Pilar Madrid

Dos mujeres comentan entre una multitud:

—Írelo. Tan inocente que se ve ahí tirado el probecito. Si no juera por la sangre en la banqueta y sus pelos, todos ahí pegados, parecería que le entró el sueño a pleno sol como legartijita.

—Yo le decía a la comadre, cuida a tu hijo, Estercita, que un día se te va a descarriar y no vas a saber ni qué hacer.

—No se crea, el chamaco era re bien necio. Apenas si se le hablaba y luego luego protestaba.

—¡Pus cómo no! Si le salió al papá todo rebelde y huevón.

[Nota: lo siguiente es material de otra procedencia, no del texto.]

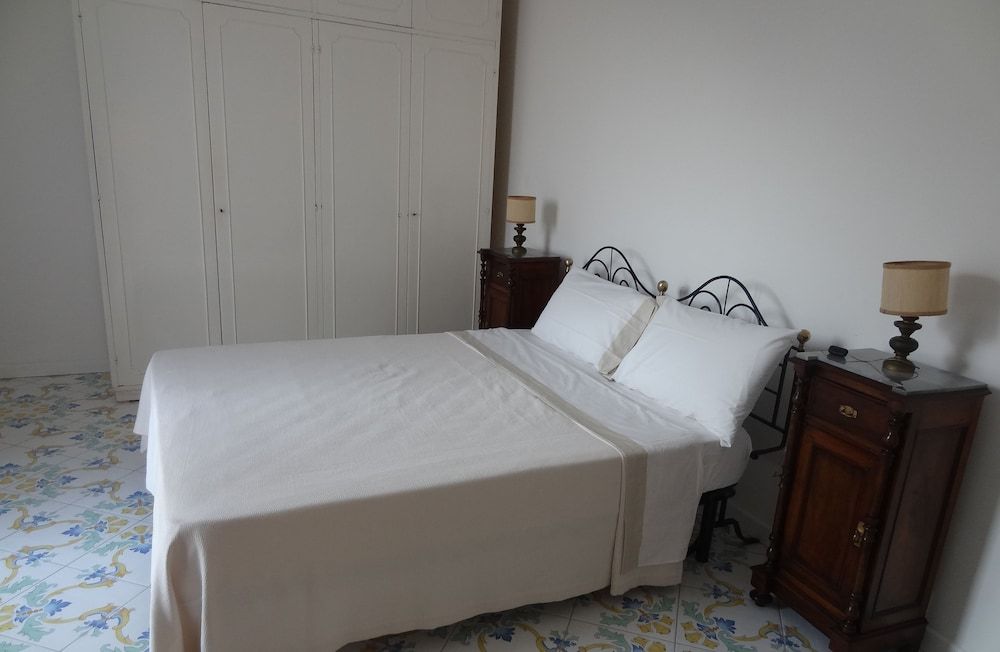Family House, 2 Bedrooms, Kitchenette, Sea View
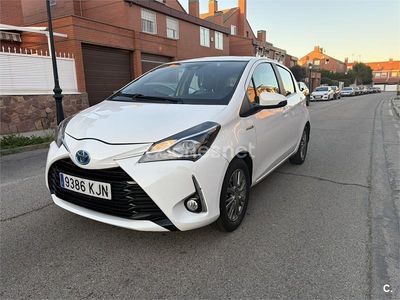 Usado Toyota Yaris Hybrid Active 100 CV (73 kW) 2018 Blanco Berlina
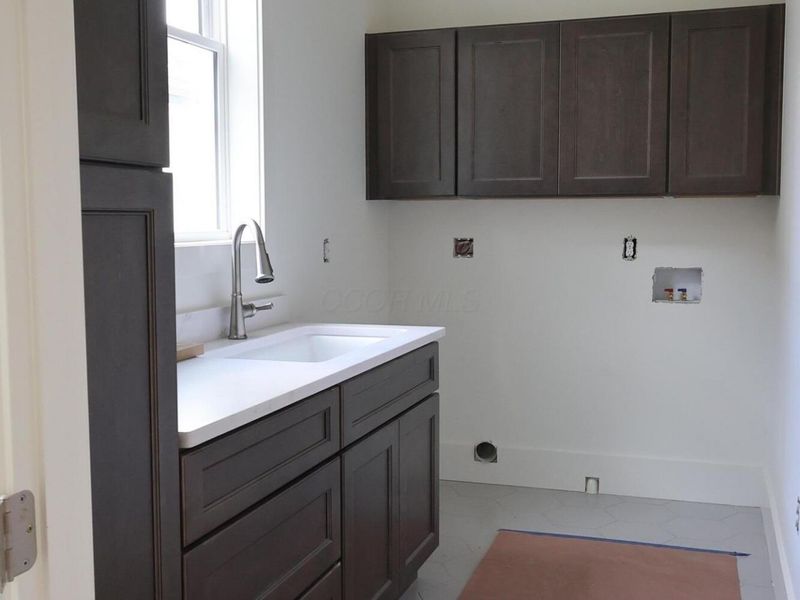 5703 Butternut Drive, Lewis Center, OH 43035 Photo 36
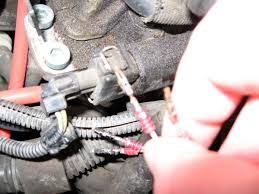 Jlong dropped the glovebox and access panel from the side of the dash to make it easier to install the. How To Replace Broken Wire Harness Clips Or Connectors On Audis And Vws Axleaddict A Community Of Car Lovers Enthusiasts And Mechanics Sharing Our Auto Advice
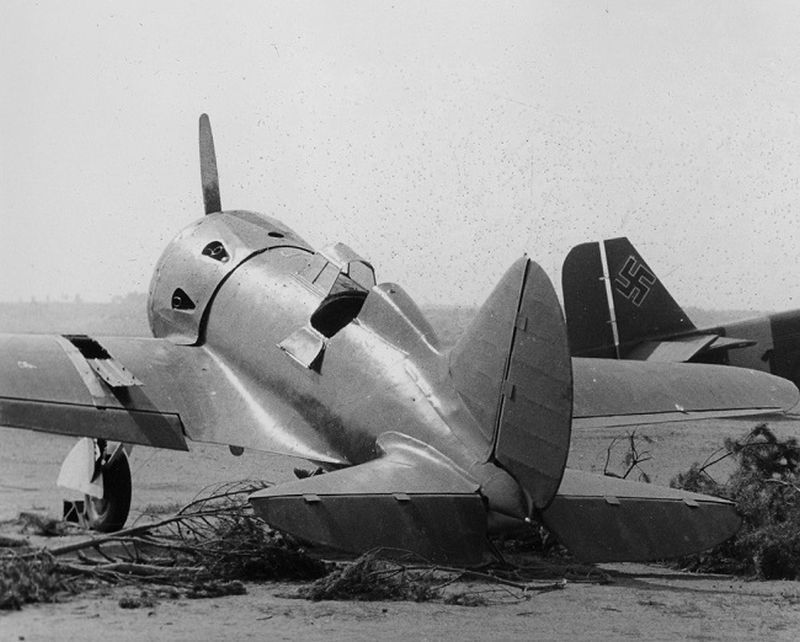 Polikarpov I-16 type 5 captured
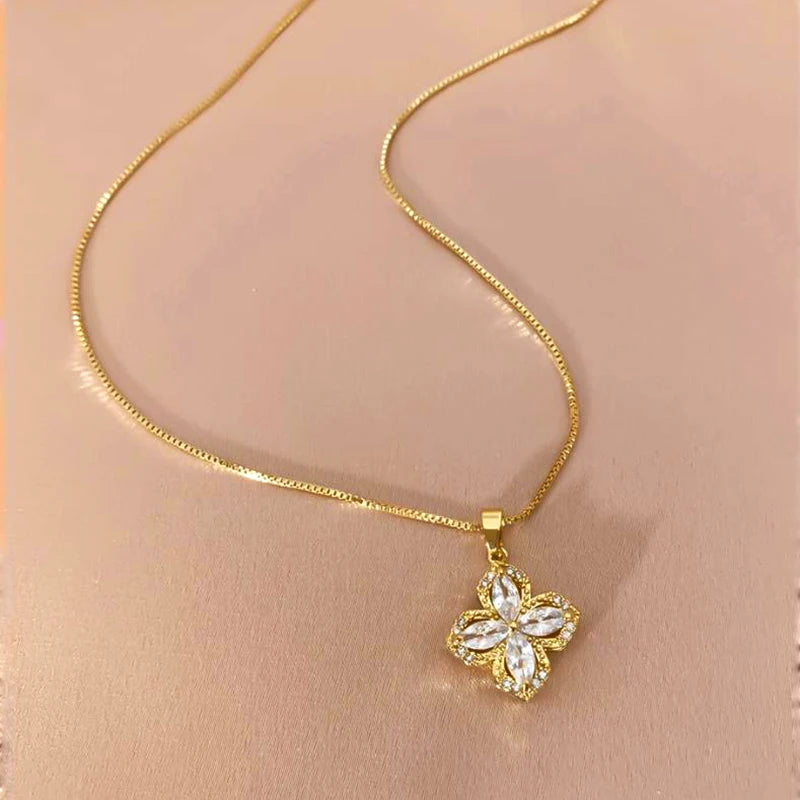 Exquisite 14k Real Gold Four Leaf Clover Necklace Rotatable AAA Zircon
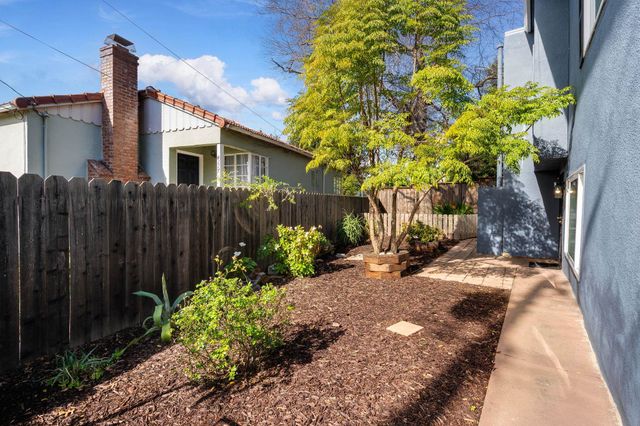 4125 Kuhnle Ave, Oakland, CA 94605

—Eso sí. Estaba quedando re bien guapo el condenado y mire, puras tonterías que hacen ahora los chamacos. Yo no sé qué ganaba con juntarse con esos pelados de la esquina. Na´más lo maliaron al probe.

La sirena de una ambulancia se escucha en la lejanía.

—Ya verás cuando se entere la Ester cómo se va a poner la pobre. Ella confiadota que sus hijos están en su casa y qué sorpresa cuando llegue y vea que le falta el Marcos.

—Sí. Dice el este, el de la tienda, que apenas si corrió, y ya lo seguía un polecía. Pa´mí que se me hace que alguien le puso un cuatro. ¿A poco tan rápido iba a llegar la patrulla?

—No, dicen que ya estaba allí en la esquina y que cuando empezaron todos los chamacos a correr, pus el poli sacó la pistola y pus le tocó al Marquitos.

—Qué calor hace, oiga, y la ambulancia esa que alza a los muertos no parece.

—Ya sabes que así es esto. Con tanto muerto en la calle, ni quien se preocupe por uno más o uno menos. Bueno, comadre, pues me voy a hacer la comida que no tarda mi viejo y empieza de protestón que qué hago todo el santo día. Aparte, mire cómo me achichina el sol en todos los brazos

—Yo igualito que usted, ya me voy.

Las mujeres se alejan mientras entre los susurros se escuchan varios:

—Probecita la Ester. Lo güeno, no son mis niños.